Posted: April 30, 2014

The ability to extract and understand claim limitations is critical, and will play a key role in the trial and subsequent judgment that will determine the winner and loser – and who pays who and how much.

Contributed By Richard Moses


Apple accused Samsung of patent infringement first in 2011. Since then, they have pursued a “thermonuclear war” as declared by Steve Jobs, with no apparent end in sight. Eventually, I think common sense will return to both parties at some point and a cross license agreement will be signed.

Déjà vu all over again with “iTrial-2”

The dispute this time includes several of the latest smartphones, tablets, computers, and media players. For its second trial, it appears Apple may have re-energized its “Apple Computer” prowess since the technologies may have less to do with “phones” and more to do with the “smarts” in smartphones – notably the user interface (UI).

Round one ends badly – for Samsung

In the Summary Judgment dated January 21, 2014, Judge Koh delivered two blows to Samsung. The company’s Android devices were found to infringe on Apple’s word recommendations patent (claim 18 of Apple’s ‘172 patent) and the company’s multimedia synchronization (‘757 patent) was invalid. A deeper look into the technology covered by the asserted claims and their intersections with the law provides an interesting perspective that may shed light on the final outcome of this case.

The name of the game is the claim

In patent law, the claims are arguably the most important part of the patent. Claim “limitation” and claim “element” are often used interchangeably. This trial centers on claims of infringement and validity, or more accurately, Literal Infringement and Anticipation. Why is that important?

You must extract claim limitations

Literal infringement requires that the accused product contains each limitation of the asserted claim. Similarly, an accused infringer may show that a patent claim is invalid as anticipated under 35 U.S.C. § 102 by proving with “clear and convincing evidence” that a prior art reference (or multiple references in some cases) discloses each and every element. Certainly, the patent claims demand special consideration. However, extracting and understanding the claim limitations (elements) is critical, and undoubtedly will play a key role in the trial going forward and subsequent judgment. Taking a closer look at the key claim limitations, starting with Apple, shows why the stakes are incredibly high.

Apple patents – protecting a more engaging user experience

Apple, as Plaintiff and Counter defendant, has accused Samsung of infringing US patents:

  • 5,946,647
  • 6,847,959
  • 7,761,414
  • 8,046,721
  • 8,074,172

Patents are often referred to by their last three digits, for example the ‘172 patent refers to US patent No. 8,074,172. For the most part, these patents deal with user interface and ease-of-use features. These are defining attributes of the Apple brand and its competitive advantage.

Here in a nutshell is the Apple case. The question is this: can Apple show that the key accused (Samsung) product contains each limitation of the asserted claim, as well as ward off Samsung’s attacks that a prior art reference discloses each and every element of the asserted claim?

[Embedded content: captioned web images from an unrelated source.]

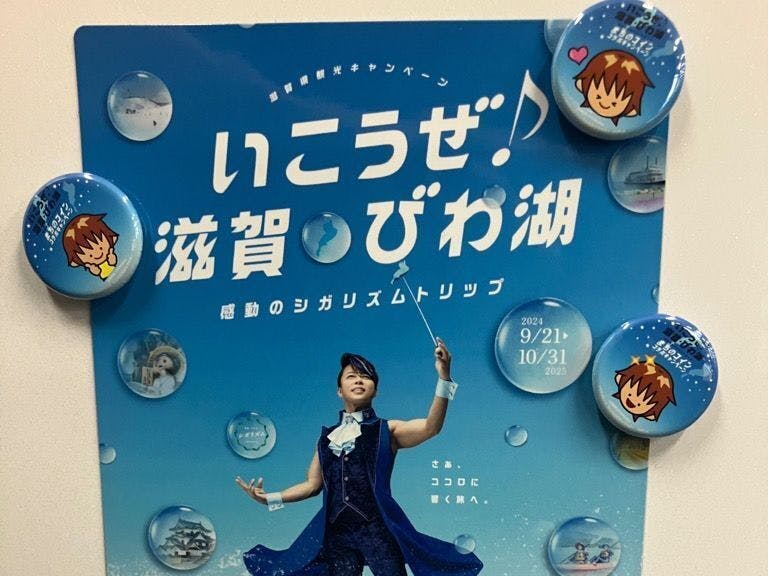 滋賀県観光キャンペーン 特別企画【西川貴教の軌跡をたどれ！スタンプ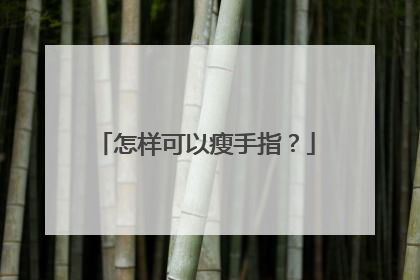 怎样可以瘦手指？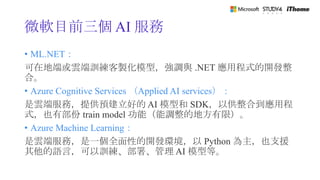 Introduction to MLOps in Azure Machine Learning with Live Demo | PDF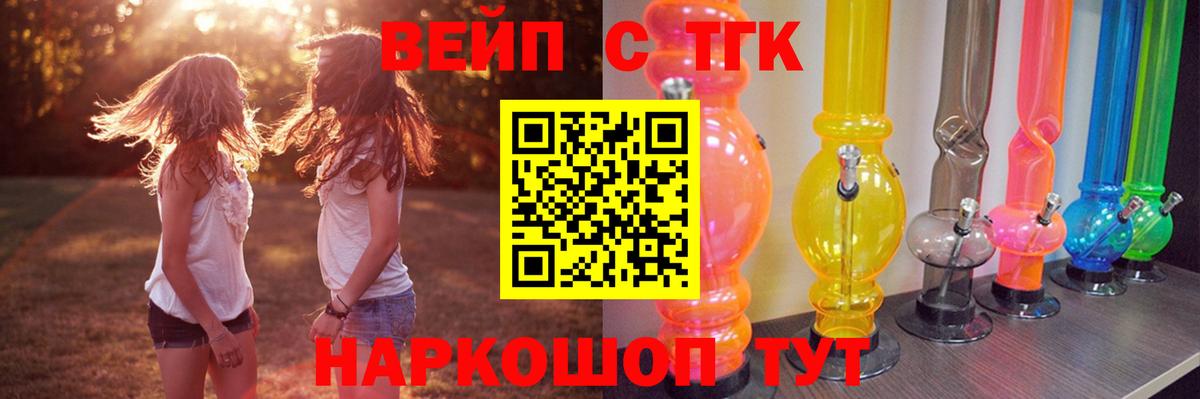 Липецк  где купить наркоту  Вход с VPN  ТГК жижа  Дистиллят ТГК вейп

The ‘172 Patent (“Auto Correct”)

The ‘172 patent entitled “Method, System, and Graphical User Interface for Providing Word Recommendations,” was filed on January 5, 2007, and issued on December 6, 2011. The ‘172 patent, also known as “auto correct,” describes a method and system for providing word recommendations to users’ text inputting on a portable device and allowing the user to select the recommended words. For example, if a user misspells a word, a suggestion area displays both the current (misspelled) character string and the suggested replacement words (“suggested replacement character string”). The arguments centered on the claimed use of the term “keyboard.”

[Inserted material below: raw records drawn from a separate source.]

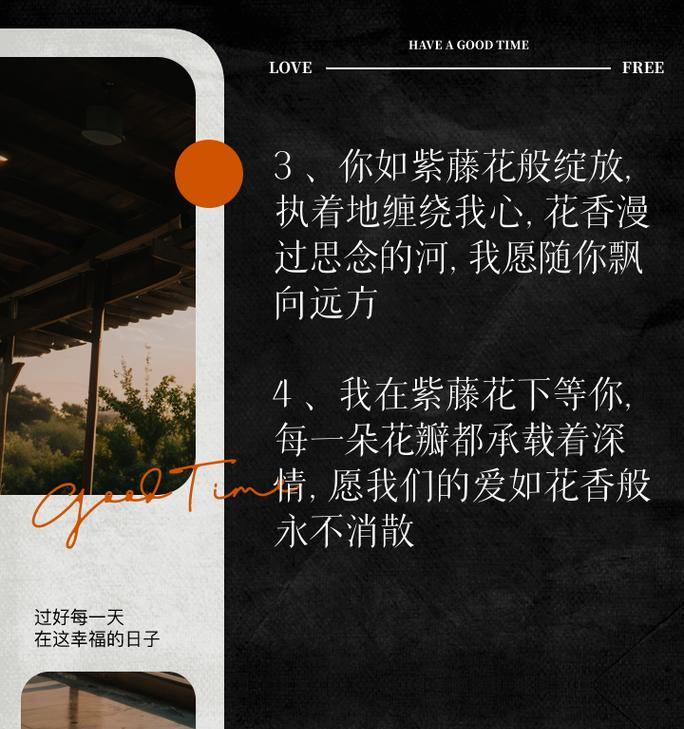 紫藤萝花语（花开花落，心愿绽放）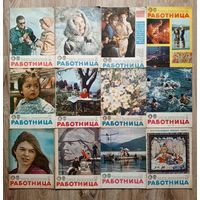 Подборка журналов "РАБОТНИЦА" за 1971 г. Все 12 номеров.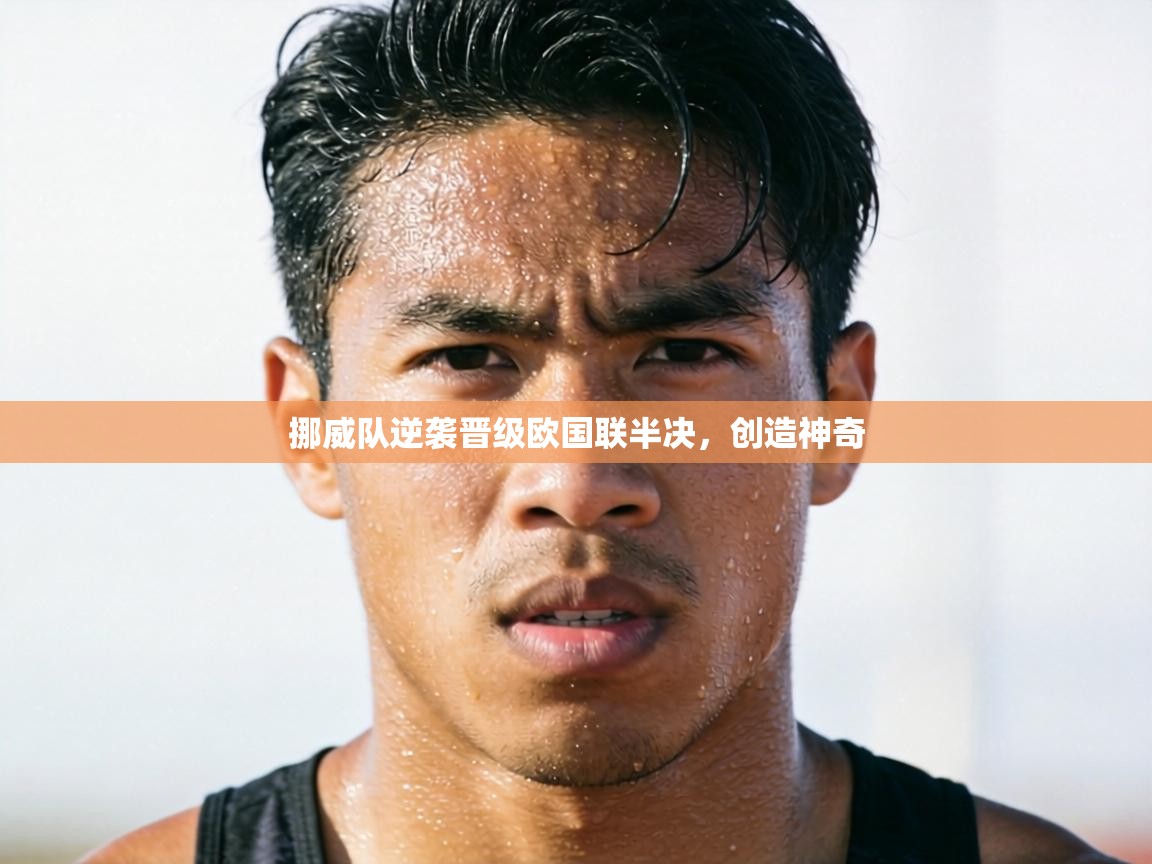 挪威队逆袭晋级欧国联半决，创造神奇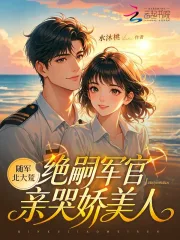 随军北大荒，绝嗣军官亲哭娇美人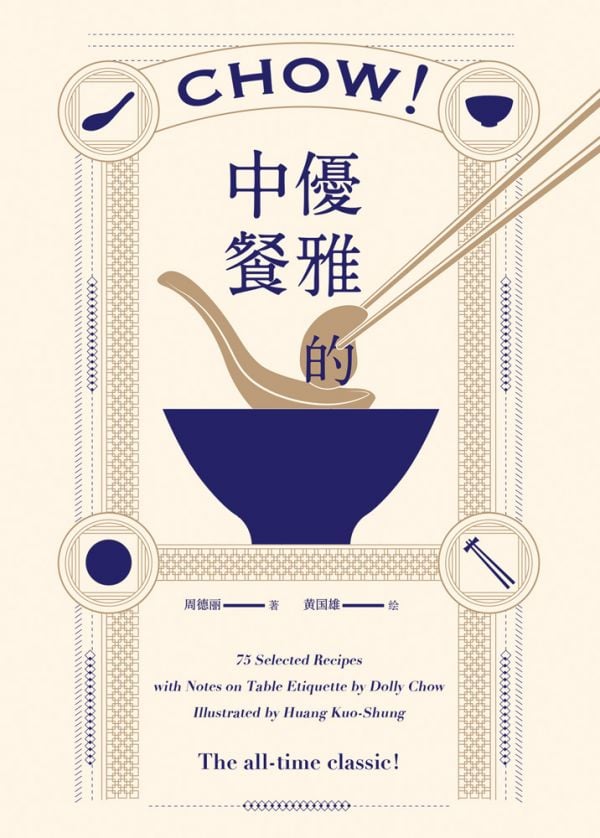 Book cover of Chow! Secrets of Chinese Cooking Cookbook, with a blue bowl with soup spoon and chopsticks. Published by ACC Art Books.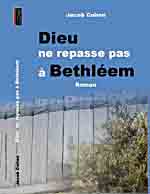Jacob_Cohen_Dieu_ne_repasse_pas_bethleem_L150.jpg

A keyboard is a keyboard – whether physical or virtual

Samsung contended that the claim requires a “physical keyboard” which smartphones and tablets indisputably lack. Judge Koh did not agree for several reasons:

  • The “keyboard” claim element is consistent with the patent’s specification where the disclosed embodiments include a virtual or soft keyboard.
  • Furthermore, other claims of the ‘172 patent reference both virtual and physical keyboards, and according to case law, “a claim term should be construed consistently with its appearance in other places in the same claim or in other claims of the same patent.”

Oddly, the “keyboard” issue was not raised by either party in the claim constriction briefs. Ultimately, Judge Koh ruled “that the ‘172 Accused Products infringe claim 18 of the ‘172 patent.”

The ‘721 Patent (“Slide-to-unlock”)

The ‘721 patent entitled “Unlocking a device by performing gestures on an unlock image,” was filed on June 2, 2009, and issued on October 25, 2011. Called the “slide-to-unlock” patent, the ‘721 is probably the most publicized and easiest to understand patent. The patent was filed as a continuation of US patent 7,657,849, with a December 2005 priority date. The claims are straightforward in describing the procedure of unlocking a handheld device with a touch sensitive display. Claim 7 and dependent claim 8 include a touch sensitive display and a “detecting a contact” continuously moving the unlock image to unlock the device. The patent disclosure also specifies the “detected contact” as corresponding to “a predefined gesture.”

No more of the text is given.